◆ Material supplied
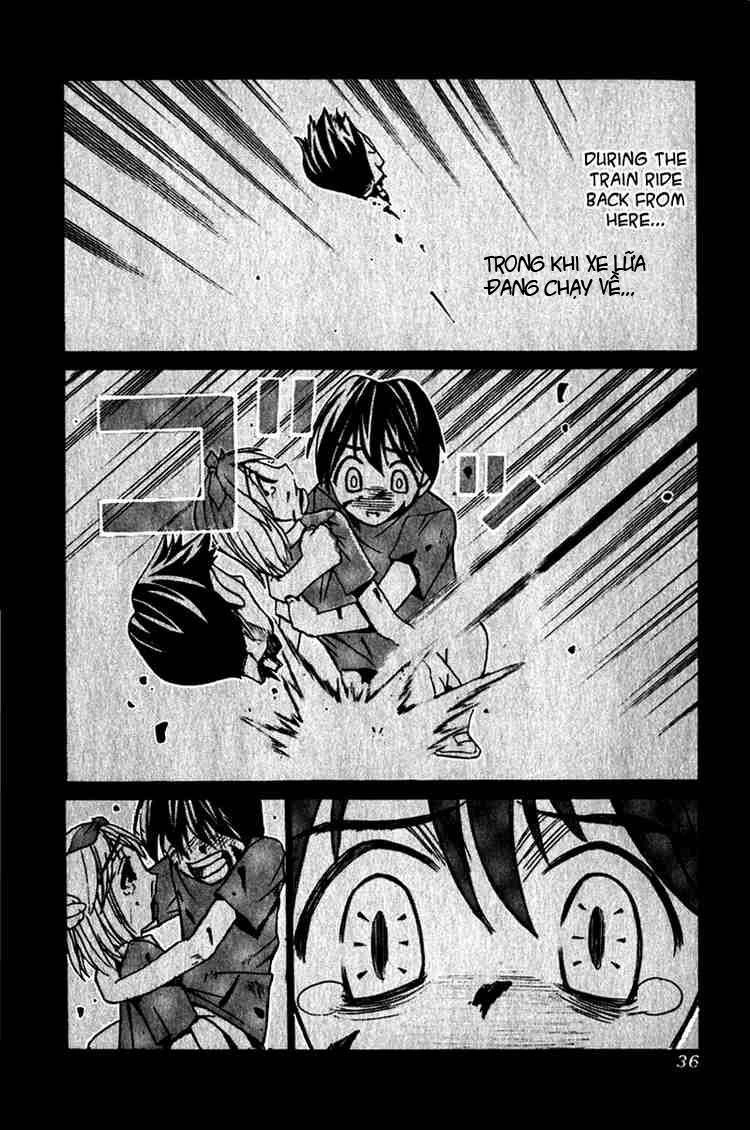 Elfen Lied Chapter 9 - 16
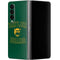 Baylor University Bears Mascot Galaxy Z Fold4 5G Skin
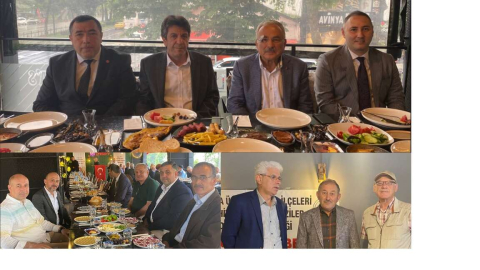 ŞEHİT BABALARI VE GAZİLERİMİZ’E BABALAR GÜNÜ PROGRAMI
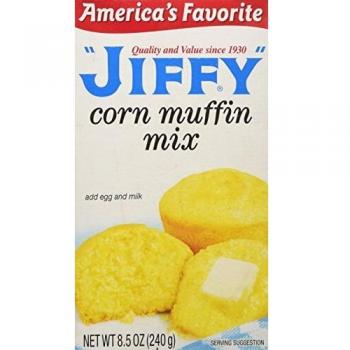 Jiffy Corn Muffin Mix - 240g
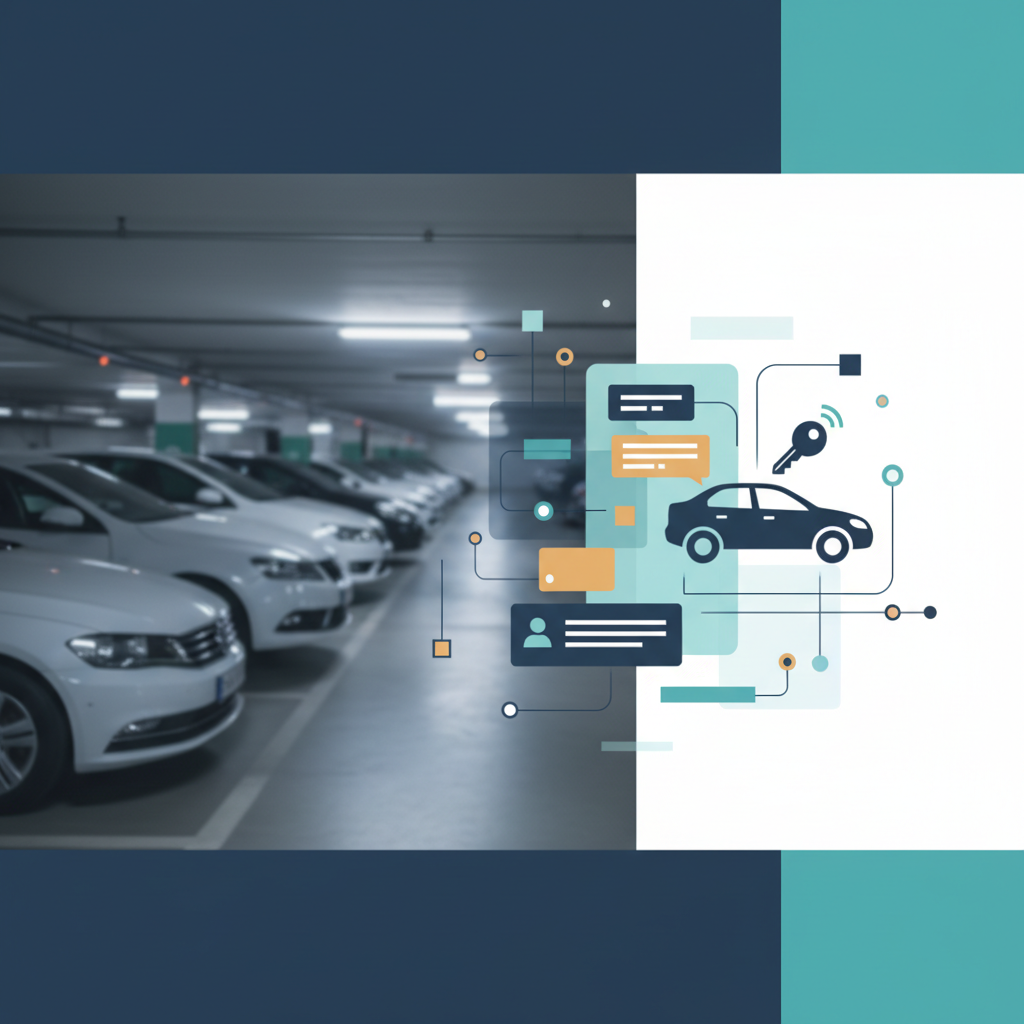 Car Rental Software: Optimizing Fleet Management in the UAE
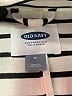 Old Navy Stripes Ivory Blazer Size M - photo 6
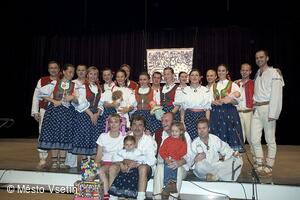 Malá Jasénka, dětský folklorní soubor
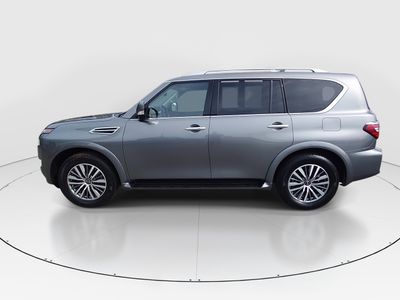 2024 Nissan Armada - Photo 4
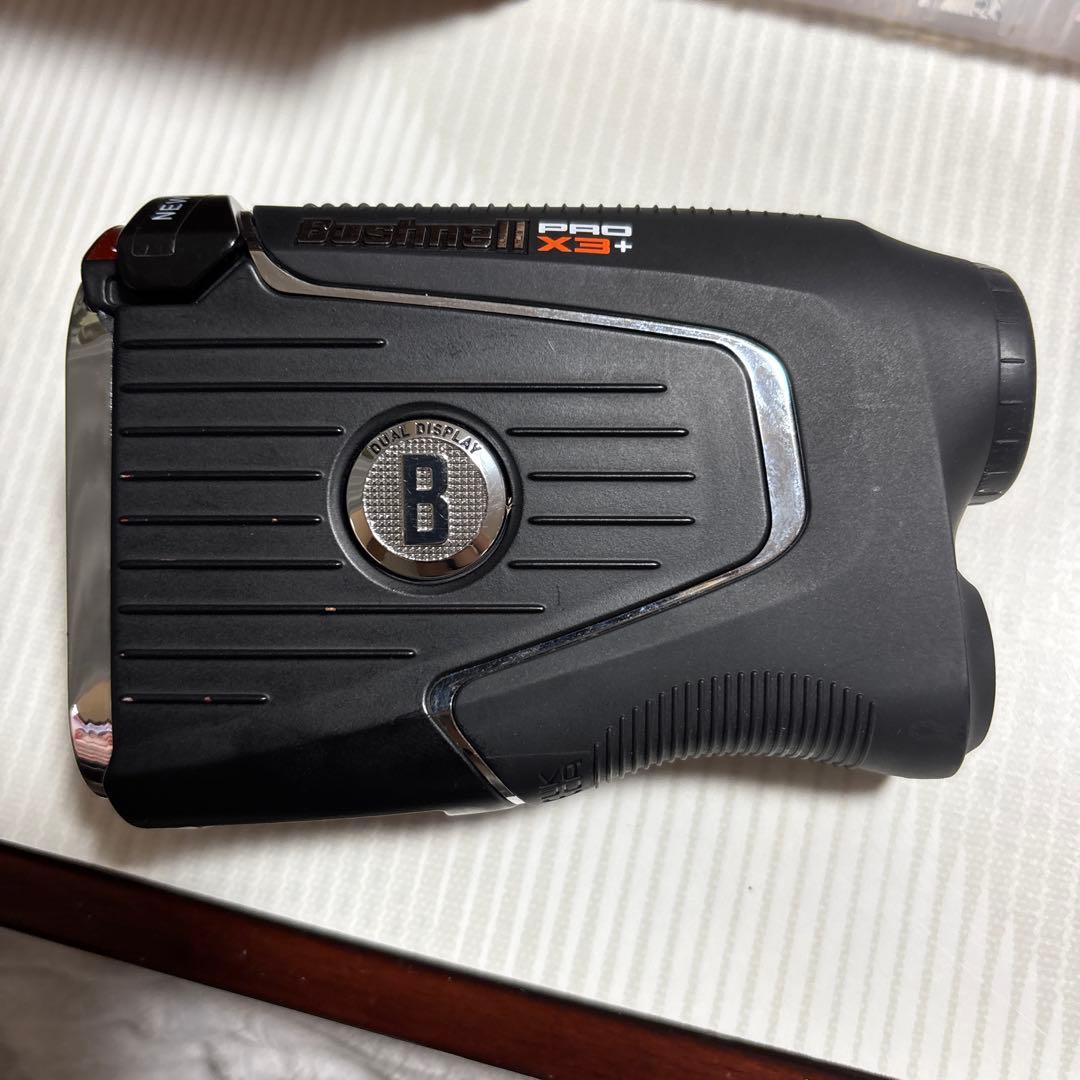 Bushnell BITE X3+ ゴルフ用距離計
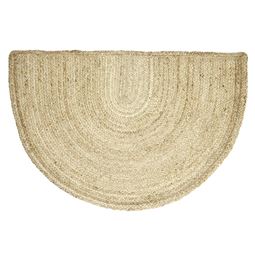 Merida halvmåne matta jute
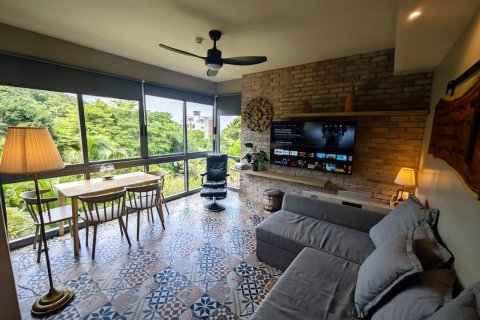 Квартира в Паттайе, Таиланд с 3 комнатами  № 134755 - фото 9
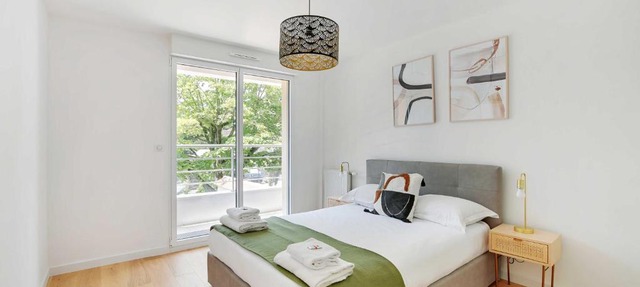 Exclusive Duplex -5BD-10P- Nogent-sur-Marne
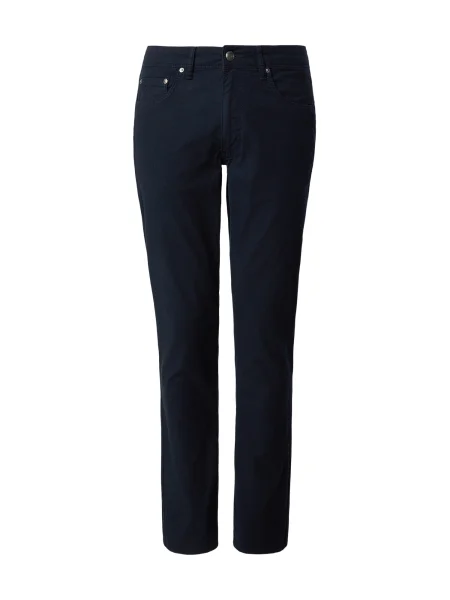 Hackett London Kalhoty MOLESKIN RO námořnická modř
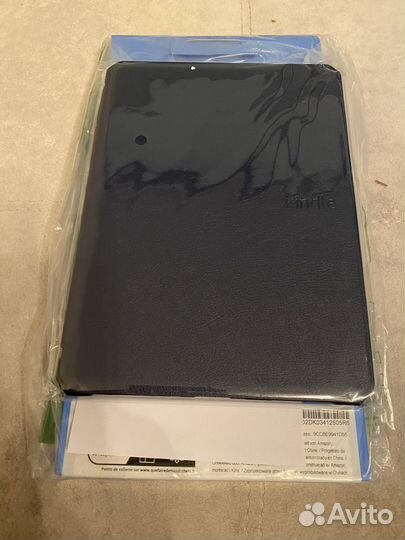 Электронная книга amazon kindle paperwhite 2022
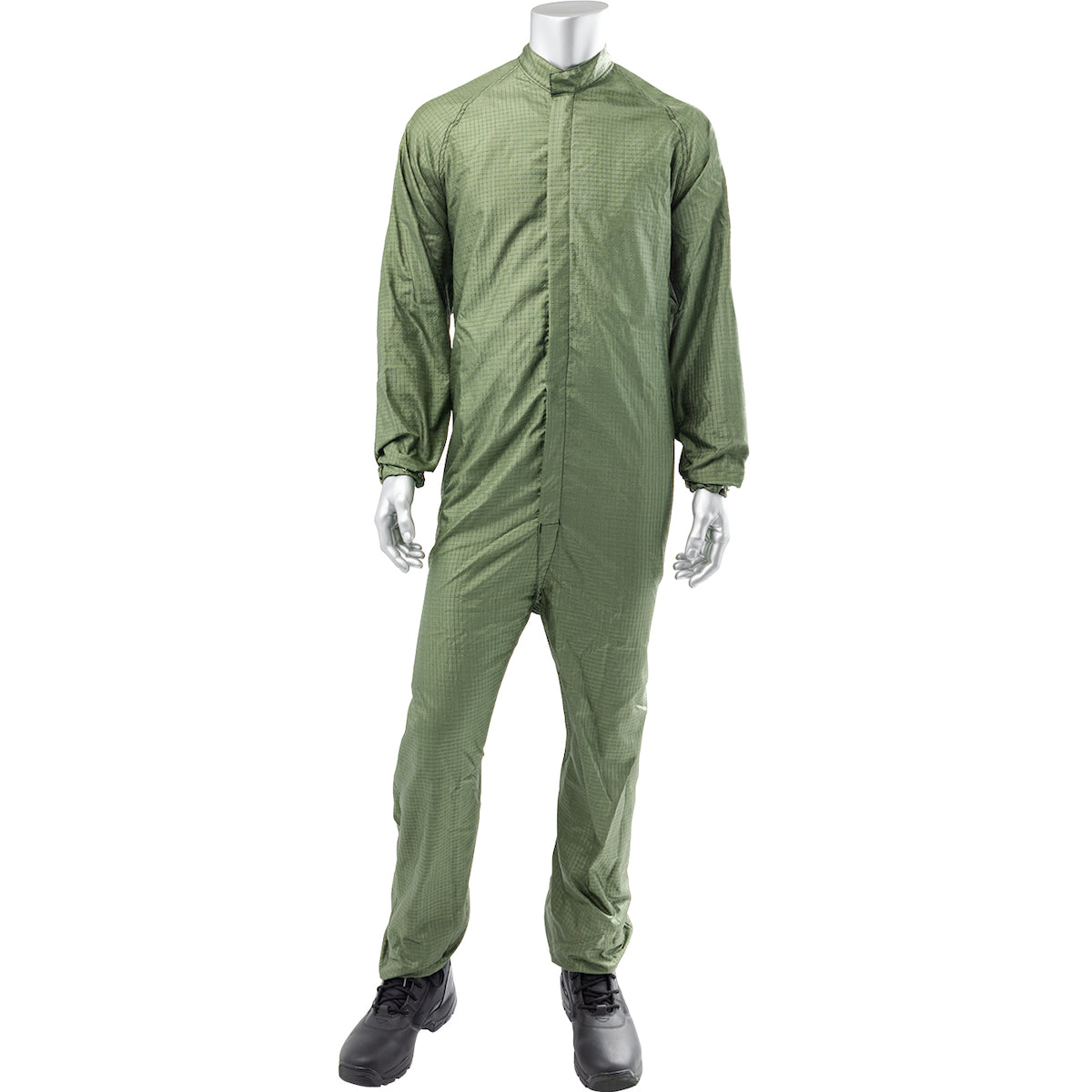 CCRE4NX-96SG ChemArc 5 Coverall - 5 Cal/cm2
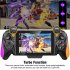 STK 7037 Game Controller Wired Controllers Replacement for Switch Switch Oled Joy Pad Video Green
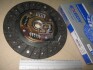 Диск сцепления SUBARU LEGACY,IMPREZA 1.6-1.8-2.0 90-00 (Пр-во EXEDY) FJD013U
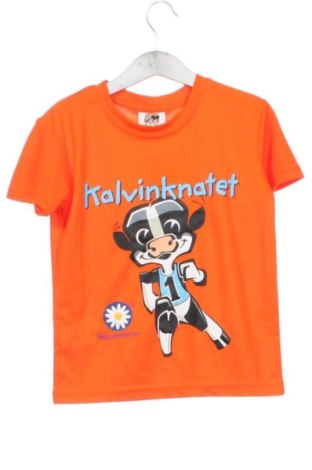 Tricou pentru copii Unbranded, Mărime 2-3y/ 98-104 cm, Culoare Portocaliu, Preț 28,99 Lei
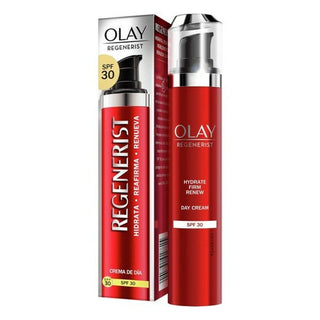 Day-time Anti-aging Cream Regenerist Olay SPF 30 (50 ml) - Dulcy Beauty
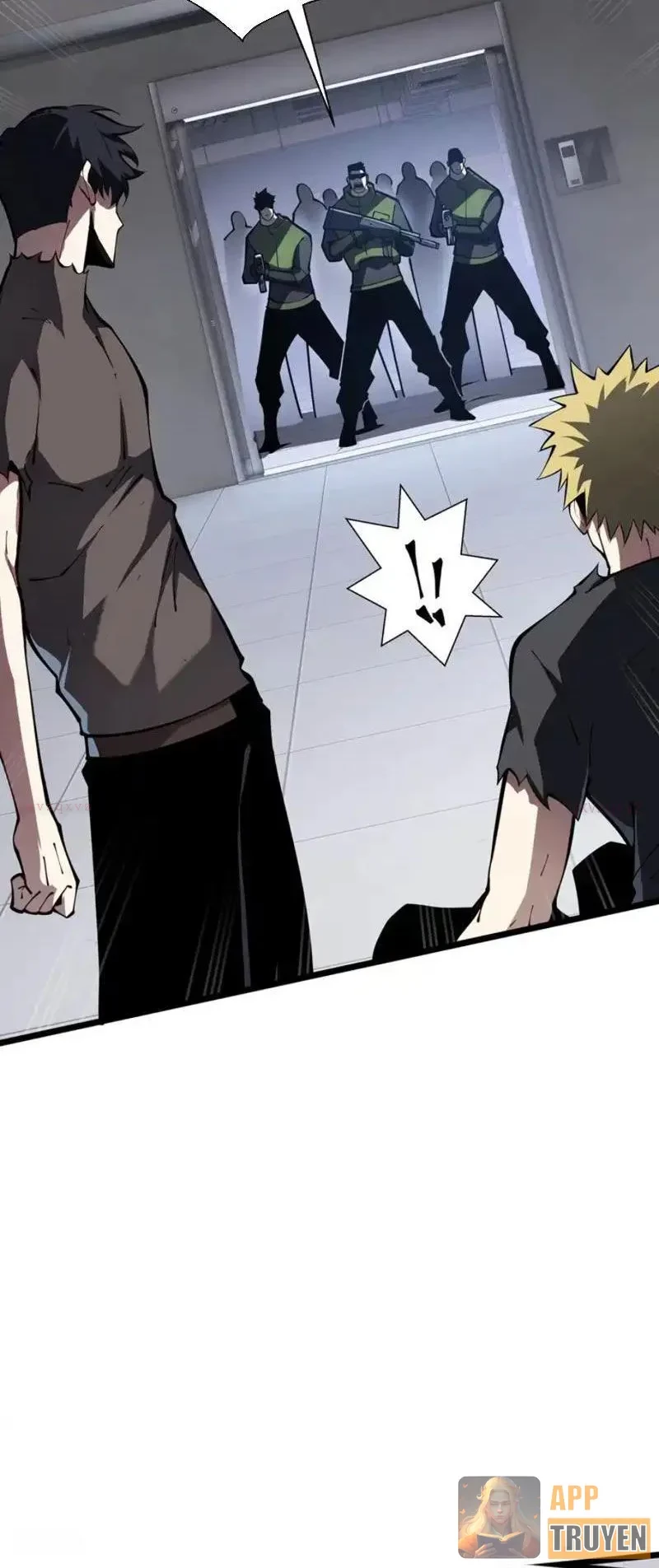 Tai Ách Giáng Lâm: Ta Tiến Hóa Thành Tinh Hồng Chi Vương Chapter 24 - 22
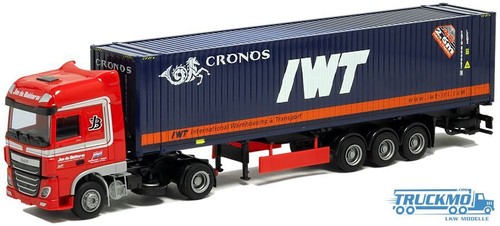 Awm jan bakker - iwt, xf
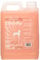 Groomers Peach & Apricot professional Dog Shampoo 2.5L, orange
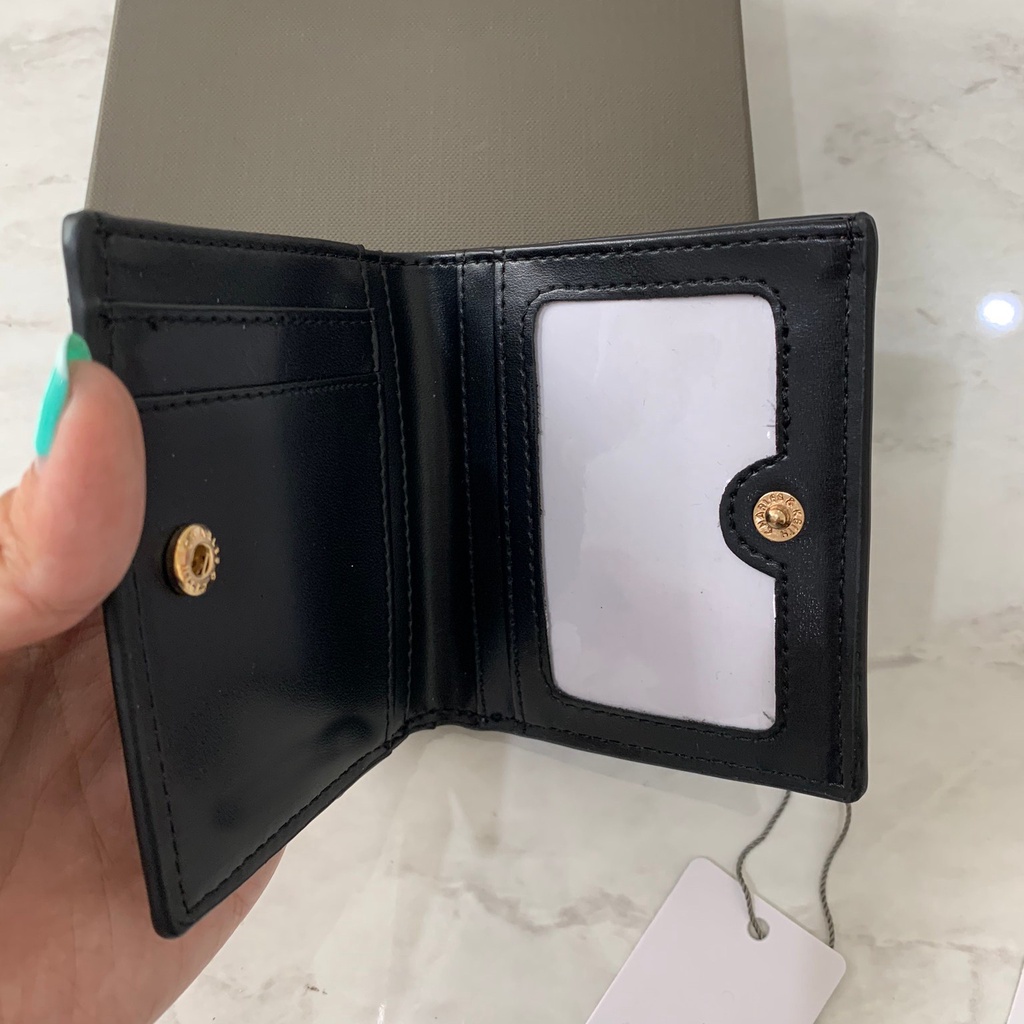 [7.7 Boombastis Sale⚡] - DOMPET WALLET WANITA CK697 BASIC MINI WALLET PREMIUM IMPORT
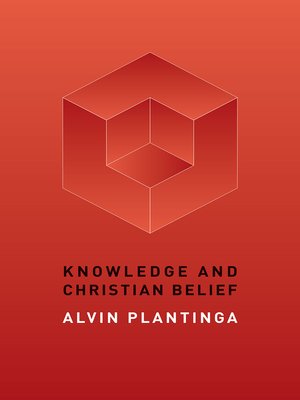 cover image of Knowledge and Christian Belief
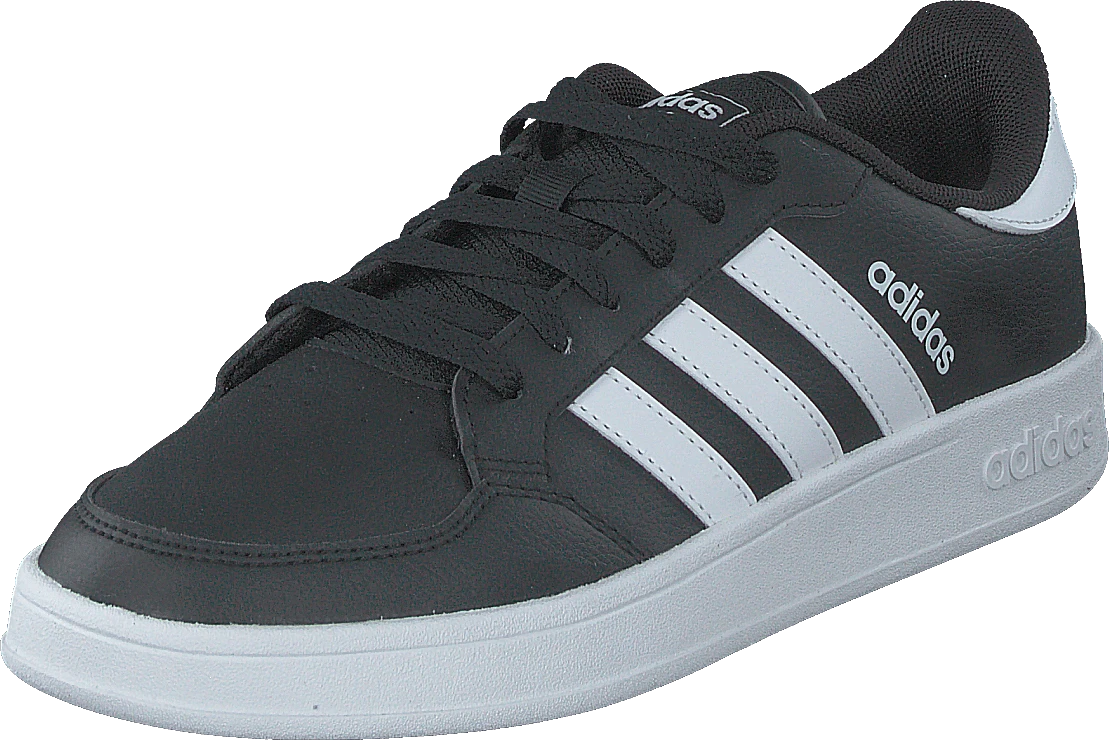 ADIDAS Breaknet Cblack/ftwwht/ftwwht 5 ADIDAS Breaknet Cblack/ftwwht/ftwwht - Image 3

◆ Your task
Return the data above in its exact wording, with none of the pictures.

◆ Response
 Elfen Lied Chapter 9 - 16
 Baylor University Bears Mascot Galaxy Z Fold4 5G Skin
 ŞEHİT BABALARI VE GAZİLERİMİZ’E BABALAR GÜNÜ PROGRAMI
 Jiffy Corn Muffin Mix - 240g
 Car Rental Software: Optimizing Fleet Management in the UAE
 Old Navy Stripes Ivory Blazer Size M - photo 6
 Malá Jasénka, dětský folklorní soubor
 2024 Nissan Armada - Photo 4
 Bushnell BITE X3+ ゴルフ用距離計
 Merida halvmåne matta jute
 Квартира в Паттайе, Таиланд с 3 комнатами  № 134755 - фото 9
 Exclusive Duplex -5BD-10P- Nogent-sur-Marne
 Hackett London Kalhoty MOLESKIN RO námořnická modř
 Электронная книга amazon kindle paperwhite 2022
 CCRE4NX-96SG ChemArc 5 Coverall - 5 Cal/cm2
 STK 7037 Game Controller Wired Controllers Replacement for Switch Switch Oled Joy Pad Video Green
 Диск сцепления SUBARU LEGACY,IMPREZA 1.6-1.8-2.0 90-00 (Пр-во EXEDY) FJD013U
 Tricou pentru copii Unbranded, Mărime 2-3y/ 98-104 cm, Culoare Portocaliu, Preț 28,99 Lei
 Day-time Anti-aging Cream Regenerist Olay SPF 30 (50 ml) - Dulcy Beauty
 Tai Ách Giáng Lâm: Ta Tiến Hóa Thành Tinh Hồng Chi Vương Chapter 24 - 22
 Awm jan bakker - iwt, xf
 Groomers Peach & Apricot professional Dog Shampoo 2.5L, orange
 [7.7 Boombastis Sale⚡] - DOMPET WALLET WANITA CK697 BASIC MINI WALLET PREMIUM IMPORT
 cover image of Knowledge and Christian Belief
 ADIDAS Breaknet Cblack/ftwwht/ftwwht 5 ADIDAS Breaknet Cblack/ftwwht/ftwwht - Image 3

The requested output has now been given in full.